Can Queer Businesses Survive COVID-19? Here’s How Some Are Trying

I couldn’t tell what caused my tears first, now turning cold in the salt air. Was it the glare off the Pacific Ocean, one of the few places close to my home that felt both beautiful and accessible during shelter in place? Or the sunscreen sweating into my eyes, after the short hike my housemate and I had just completed? Or was it the news about the permanent closure of The Stud’s location at 399 9th Street in San Francisco. Since March, when shelter in place orders first rolled into effect, through the panic shopping, the masked walks, and the various ways my community was showing up through distance and digital connection, my friends and I had a refrain: When this is over, I can’t wait to go to the Stud. But a game of gay gossip telephone revealed the Stud’s closure, before their official announcement. All this, in the midst of quarantine, trickling into Instagram feeds a little over a month before San Francisco Pride on June 28th. A few days after their official announcement, George Floyd would be killed by a Minneapolis police officer sparking a wave of protest and rebellion in the name of Black life.

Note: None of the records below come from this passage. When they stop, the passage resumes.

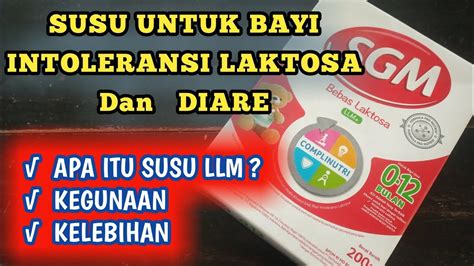 REVIEW SGM LLM SUSU BEBAS LAKTOSA UNTUK BAYI INTOLERANSI LAKTOSA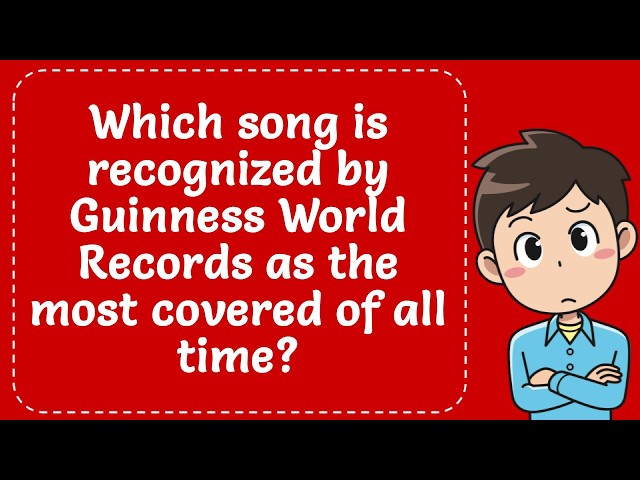 Which song is recognized by Guinness World Records as the most covered of all time? Explained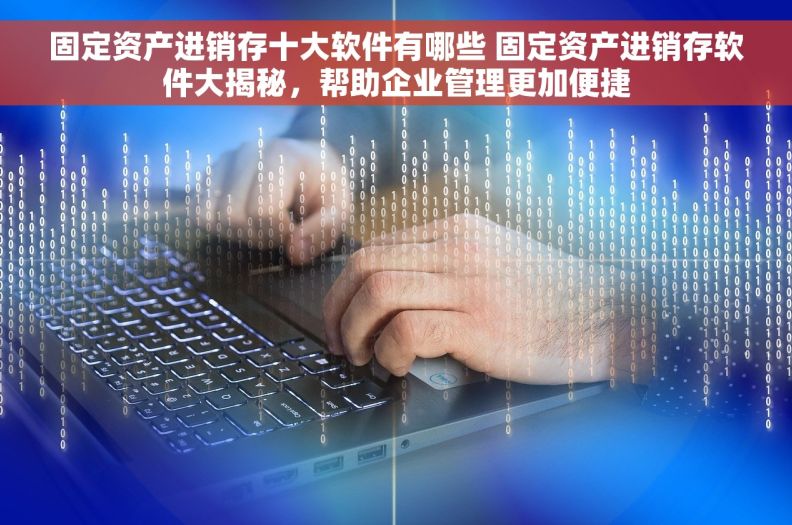 固定资产进销存十大软件有哪些 固定资产进销存软件大揭秘，帮助企业管理更加便捷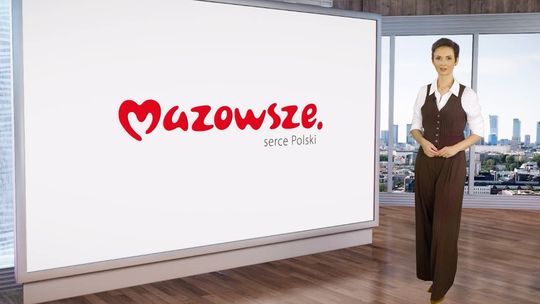 Informacje z Mazowsza #115 - [VIDEO]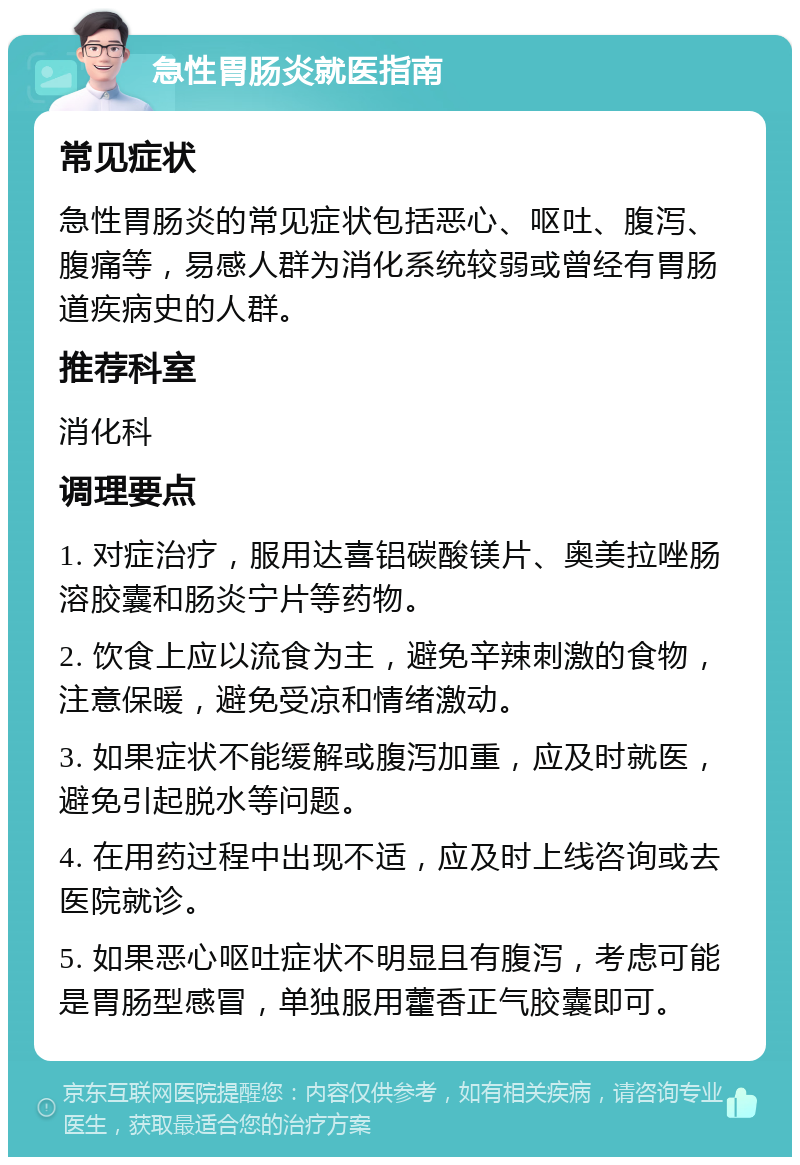 急性胃肠炎就医指南 常见症状 急性胃肠炎的常见症状包括恶心、呕吐、腹泻、腹痛等，易感人群为消化系统较弱或曾经有胃肠道疾病史的人群。 推荐科室 消化科 调理要点 1. 对症治疗，服用达喜铝碳酸镁片、奥美拉唑肠溶胶囊和肠炎宁片等药物。 2. 饮食上应以流食为主，避免辛辣刺激的食物，注意保暖，避免受凉和情绪激动。 3. 如果症状不能缓解或腹泻加重，应及时就医，避免引起脱水等问题。 4. 在用药过程中出现不适，应及时上线咨询或去医院就诊。 5. 如果恶心呕吐症状不明显且有腹泻，考虑可能是胃肠型感冒，单独服用藿香正气胶囊即可。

While the early weeks of the coronavirus pandemic had felt draining for many essential workers (including myself), the scale of the governmental ineptitude in responding to the crisis hadn’t quite registered. The bare minimum in terms of financial protection having been achieved, initiatives to support struggling businesses stopped far short of what was needed. According to Honey Mahogany, a member of The Stud Collective which cooperatively owns the bar, the collective knew the bar would have to move, and began looking for a new space to move into once their year to yearwo lease was up at the end of 2020. Despite finding this new location, coronavirus protection measures meant many gay bars would be closed for their busiest months, which, as Mahogany says, “left a very long time before the end of the year,” putting The Stud in an unsustainable situation. Lex Young, who runs The Stud’s financials, seconded the pain of losing the income of the Summer and Fall months to sheltering in place, noting how, for so many queer people who work in the service industry, “everyone’s busy month where they make all their rent was just coming up.”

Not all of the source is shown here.